* The data *
--------------------------------------------------

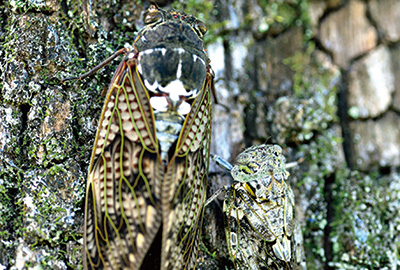 忍者セミと2ショット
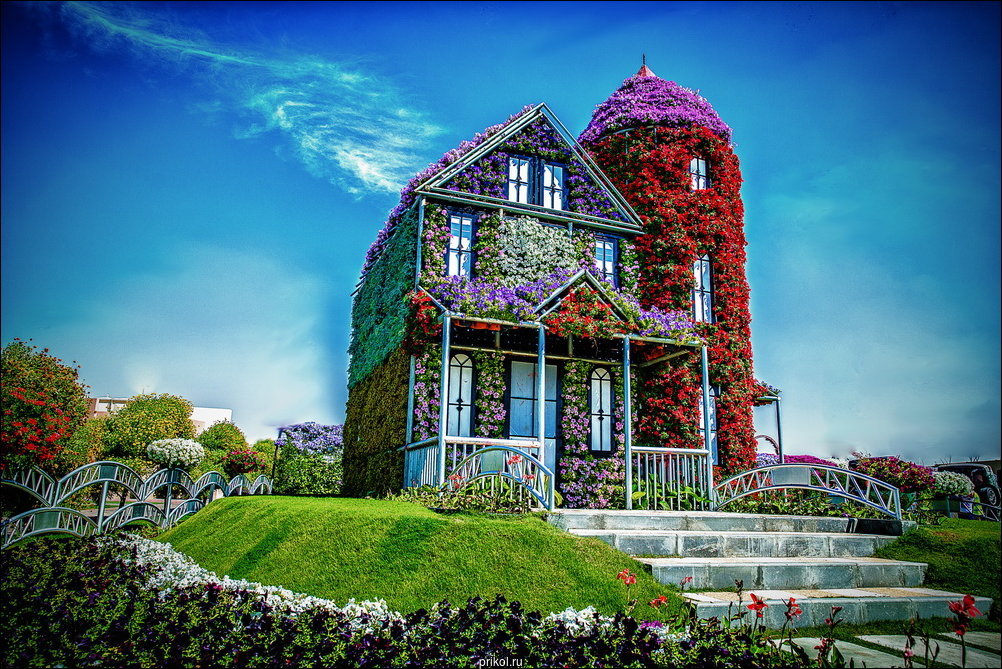 Чудо-сад в Дубае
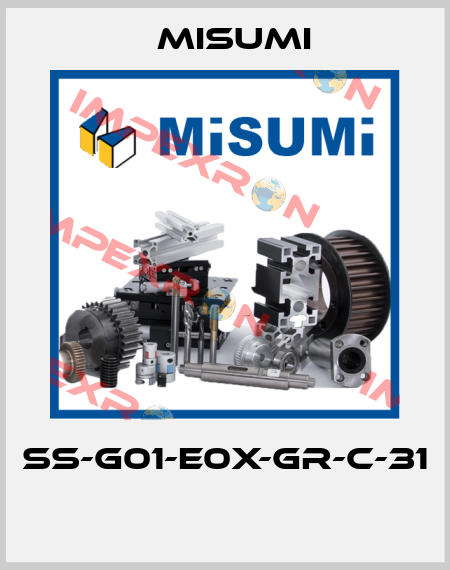 SS-G01-E0X-GR-C-31  Misumi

--------------------------------------------------

* Exercise details *
Line by line, return the listing above exactly, leaving out its pictures.

* Reply to the exercise *
 忍者セミと2ショット
 Чудо-сад в Дубае
 SS-G01-E0X-GR-C-31  Misumi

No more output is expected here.